Itu semua merupakan proses khas dari dakwah itu sendiri agar kemudian dapat
terlihat, siapa yang sungguh-sungguh berdakwah dan siapa yang lemah, tidak
mampu bertahan bahkan hilang dari kancah pertarungan. Lalu, bagaimana agar
seorang da’i bisa melalui proses seleksi alam tanpa tereliminasi serta tetap
kokoh istiqomah dijalan dakwah?
Agar Tidak Jatuh Kemudian: Kenali
Penyebab-penyebab Tasaquth[2]
“Kebaikan yang tidak terencana,
akan terkalahkan oleh kejahatan yang terencana.” Ungkapan
ini mungkin sudah terlalu sering masuk kedalam telinga kita, namun jarang dari
kita benar-benar mengamalkan pelajaran yang bisa diambil dari ungkapan
tersebut. Dalam kancah dakwah, seorang da’i haruslah merencanakan langkah-
langkah strategis serta amunisi-amunisi penting untuk bertahan dalam menghadapi
berbagai kemungkinan yang akan
melemahkan kita dijalan dakwah . Salah satunya adalah dengan mengenali
penyebab-penyebab tasaquth.
Dengan
mengenali apa-apa saja yang dapat membuat kita terjatuh dari kancah dakwah,
diharapkan kita bisa lebih siap dalam menghadapi ujian tersebut. Dengan
kesiapan menghadapi ujian yang menghadang, tentunya seorang da’i akan lebih
kuat dan tidak begitu saja gugur dalam dakwah.
Fathi
Yakan dalam bukunya “Yang Berjatuhan di Jalan Dakwah”, membagi penyebab
tasaquth dalam tiga sumber.

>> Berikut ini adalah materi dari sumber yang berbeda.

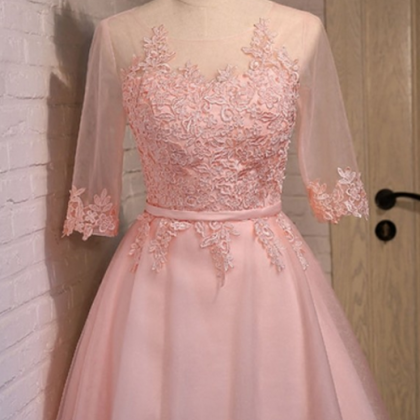 Pink Homecoming Dress, Charming Homecoming Dress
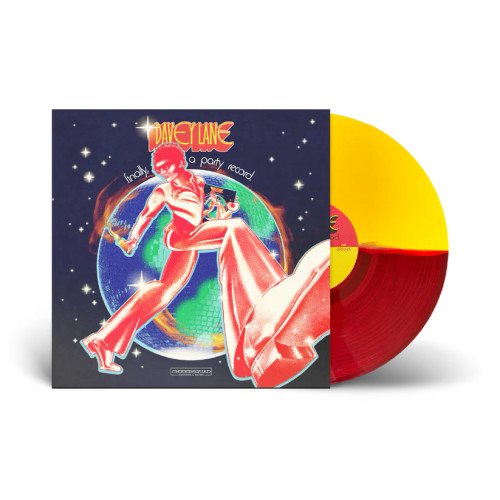 Davey Lane – Finally, A Party Record (Vinyl, LP, Album, Limited Edition, Opaque Yellow & Translucent Red Split)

Pertama, penyebab tasaquth yang bersumber dari
pergerakan, penyebab tasaquth yang bersumber dari individu dan penyebab
tasaquth yang bersumber dari luar (eksternal).
Penyebab
tasaquth yang bersumber dari individu dapat dikatakan sebagai sumber paling
besar yang menyebabkan gugurnya para da’i dari kancah dakwah. Adapun sebagian
dari penyebab tasaquth yang berasal dari individu tersebut adalah watak seorang
da’i yang indisipliner dimana seorang da’i tidak memiliki kesiapan untuk
memikul beban-beban structural, tidak mampu mengatur kehidupannya dan tidak
mampu berorganisasi. Sebab-sebab individu lainnya yakni seorang da’i takut pada
kematian dan kemiskinan, bersikap terlalu ekstrem dan berlebihan sehingga tidak
menerima sikap moderat dan membebani diri melebihi kemampuan, sikap mempermudah
dan menganggap enteng, ghurur[3]
dan senang tampil, cemburu terhadap orang lain yang notabene berlari lebih
cepat dan lain-lain.
Selanjutnya
penyebab tasaquth yang bersumber dari luar (eksternal). Sebab-sebab eksternal
merupakan salah satu factor penyebab bergugurannya sebagian da’i di jalan
dakwah. Secara umum, sebab-sebab tersebut diantaranya adalah tekanan tribulasi
yakni penyiksaan fisik, tekanan keluarga, tekanan lingkungan yang memberi
pengaruh negative lebih banyak, tekanan dari figuritas dan sebagainya.
Adapun
sebab-sebab yang bersumber dari pergerakan diantaranya, lemahnya aspek tarbiyah
sehingga pribadi da’i menjadi kering dan sepi dari kehidupan Robbani serta
kesegaran ruhani. Selanjutnya yakni tidak proporsionalnya pergerakan dalam
memposisikan anggota, lemah dalam kontrol, kurang sigap dalam mnyelesaikan
persoalan, konflik internal, pemimpin yang lemah dan masih banyak lagi.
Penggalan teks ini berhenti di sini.